*** Data to process
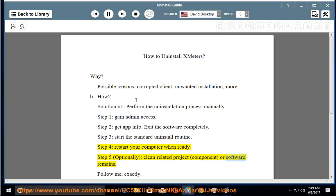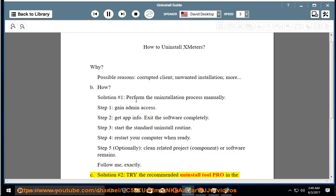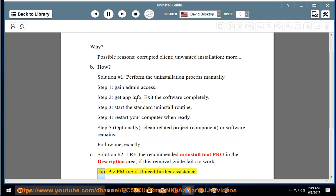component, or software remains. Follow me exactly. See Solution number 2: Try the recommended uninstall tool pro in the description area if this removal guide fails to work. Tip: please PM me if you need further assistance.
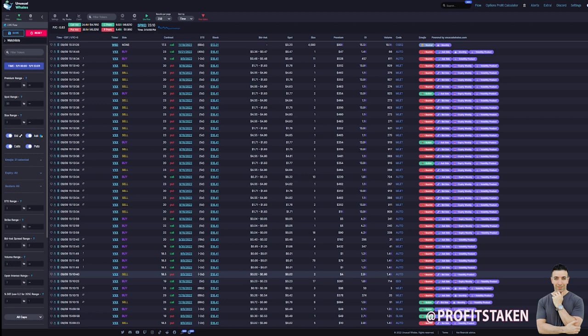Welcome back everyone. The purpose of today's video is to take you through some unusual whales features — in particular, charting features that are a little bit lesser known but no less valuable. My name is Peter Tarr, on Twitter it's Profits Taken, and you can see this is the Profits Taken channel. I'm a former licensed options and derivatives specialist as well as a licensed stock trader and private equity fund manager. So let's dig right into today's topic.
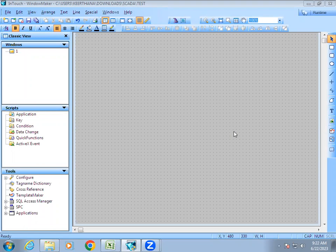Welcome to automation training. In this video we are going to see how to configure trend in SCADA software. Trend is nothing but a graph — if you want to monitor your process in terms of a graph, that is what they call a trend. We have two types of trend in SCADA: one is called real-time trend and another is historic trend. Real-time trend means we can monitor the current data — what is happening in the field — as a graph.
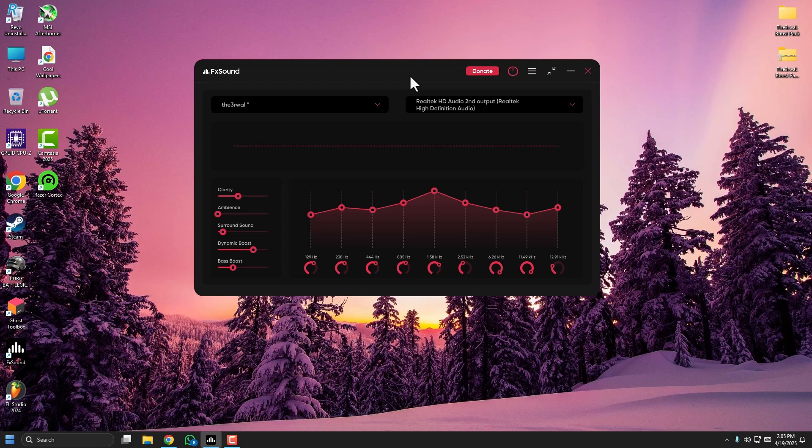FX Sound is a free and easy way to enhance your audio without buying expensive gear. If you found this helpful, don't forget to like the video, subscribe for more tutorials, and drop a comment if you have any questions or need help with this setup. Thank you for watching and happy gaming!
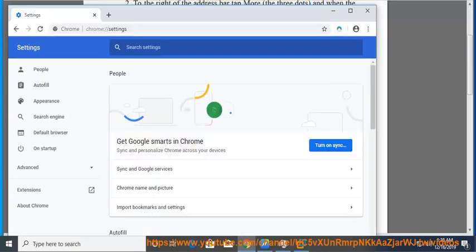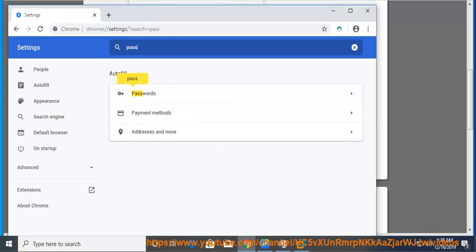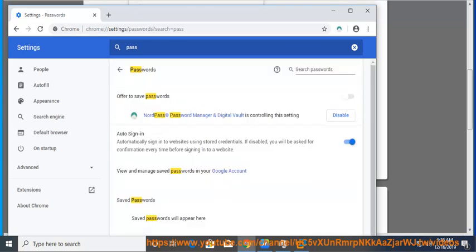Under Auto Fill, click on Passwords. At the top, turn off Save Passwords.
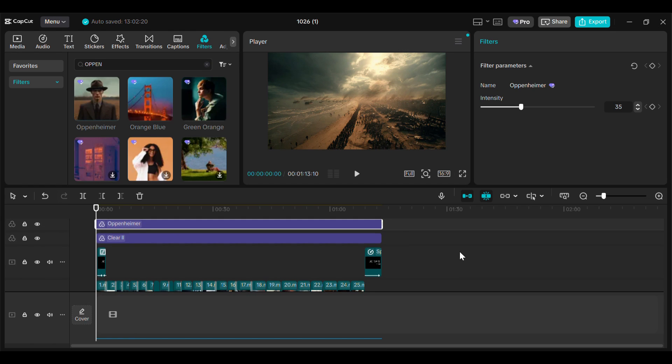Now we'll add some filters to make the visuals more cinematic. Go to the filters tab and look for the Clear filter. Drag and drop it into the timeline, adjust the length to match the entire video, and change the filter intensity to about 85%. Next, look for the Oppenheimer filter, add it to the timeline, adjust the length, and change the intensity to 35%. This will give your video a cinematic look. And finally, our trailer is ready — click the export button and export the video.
******
*** Data to process
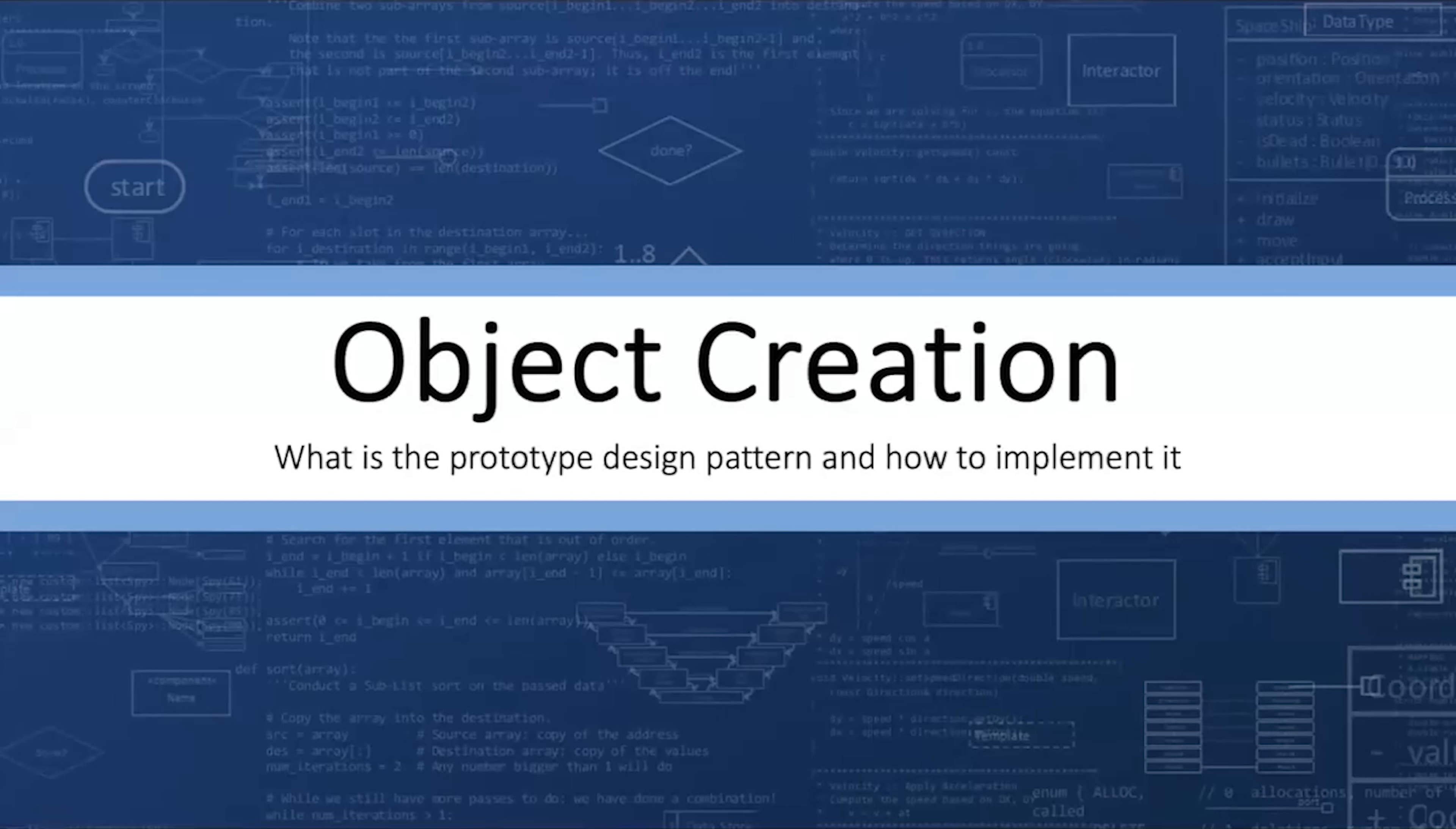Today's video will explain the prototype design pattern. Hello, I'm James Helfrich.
******
What do the entries above read from the line containing "Welcome to automation" through the line containing "Under Auto Fill, click"? Output those lines exactly, both ends included, with the pictures left out.

Welcome to automation training. In this video we are going to see how to configure trend in SCADA software. Trend is nothing but a graph — if you want to monitor your process in terms of a graph, that is what they call a trend. We have two types of trend in SCADA: one is called real-time trend and another is historic trend. Real-time trend means we can monitor the current data — what is happening in the field — as a graph.
FX Sound is a free and easy way to enhance your audio without buying expensive gear. If you found this helpful, don't forget to like the video, subscribe for more tutorials, and drop a comment if you have any questions or need help with this setup. Thank you for watching and happy gaming!
Under Auto Fill, click on Passwords. At the top, turn off Save Passwords.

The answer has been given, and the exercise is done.